[Records from a collection]
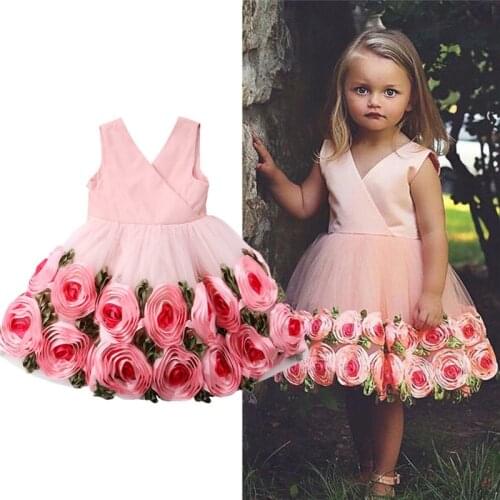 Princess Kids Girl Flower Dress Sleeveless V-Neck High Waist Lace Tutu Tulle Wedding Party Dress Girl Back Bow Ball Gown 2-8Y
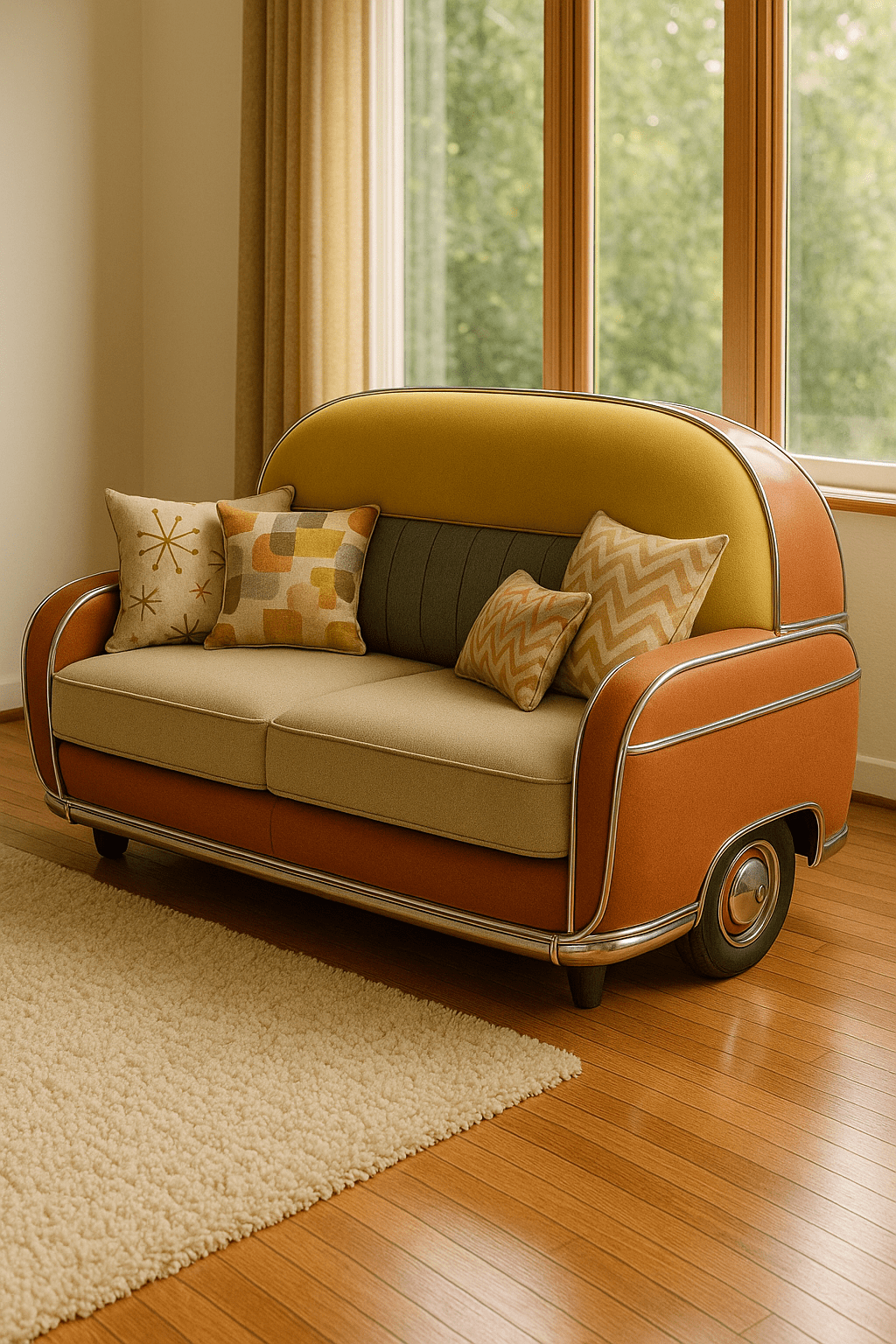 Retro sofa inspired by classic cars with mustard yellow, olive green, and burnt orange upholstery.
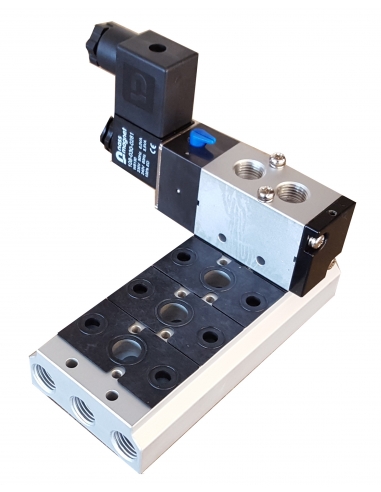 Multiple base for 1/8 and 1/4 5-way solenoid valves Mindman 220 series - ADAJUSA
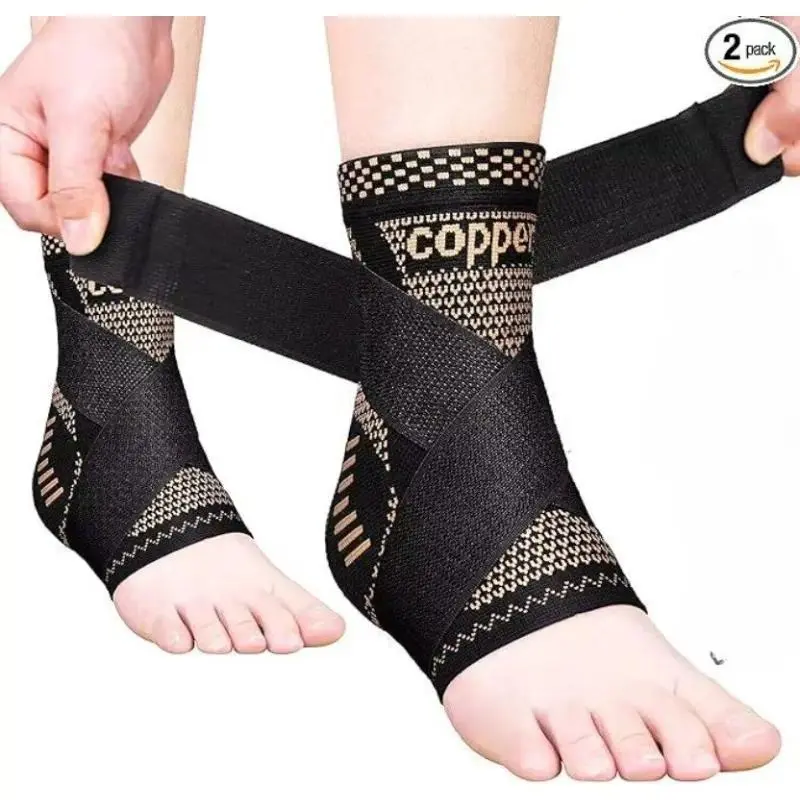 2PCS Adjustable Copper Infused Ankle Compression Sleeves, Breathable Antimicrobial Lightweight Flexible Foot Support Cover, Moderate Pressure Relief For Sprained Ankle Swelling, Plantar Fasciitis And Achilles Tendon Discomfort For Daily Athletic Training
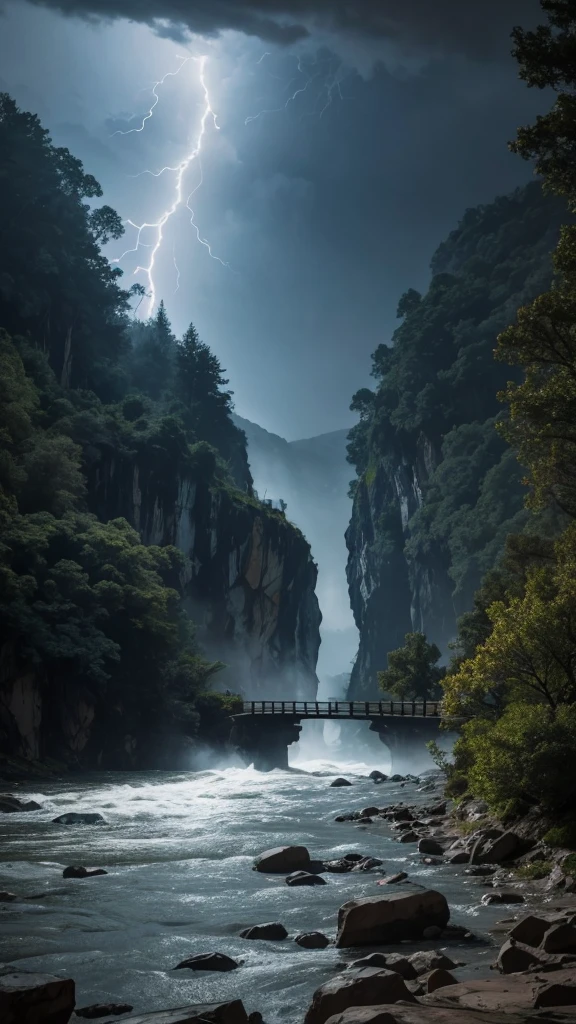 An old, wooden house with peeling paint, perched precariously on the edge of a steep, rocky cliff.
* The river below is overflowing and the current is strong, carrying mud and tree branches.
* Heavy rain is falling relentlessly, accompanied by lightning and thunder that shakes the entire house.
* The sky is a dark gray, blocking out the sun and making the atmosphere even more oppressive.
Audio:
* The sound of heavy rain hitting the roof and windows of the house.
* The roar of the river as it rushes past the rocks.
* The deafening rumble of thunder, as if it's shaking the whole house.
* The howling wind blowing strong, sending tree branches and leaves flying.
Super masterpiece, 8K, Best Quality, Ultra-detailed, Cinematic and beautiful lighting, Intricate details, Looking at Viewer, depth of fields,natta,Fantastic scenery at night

#### WHAT YOU NEED TO DO
Set down nothing but the lines from the one containing "the whole house." through the final line above, exactly as written.

#### WRITTEN RESPONSE
* The deafening rumble of thunder, as if it's shaking the whole house.
* The howling wind blowing strong, sending tree branches and leaves flying.
Super masterpiece, 8K, Best Quality, Ultra-detailed, Cinematic and beautiful lighting, Intricate details, Looking at Viewer, depth of fields,natta,Fantastic scenery at night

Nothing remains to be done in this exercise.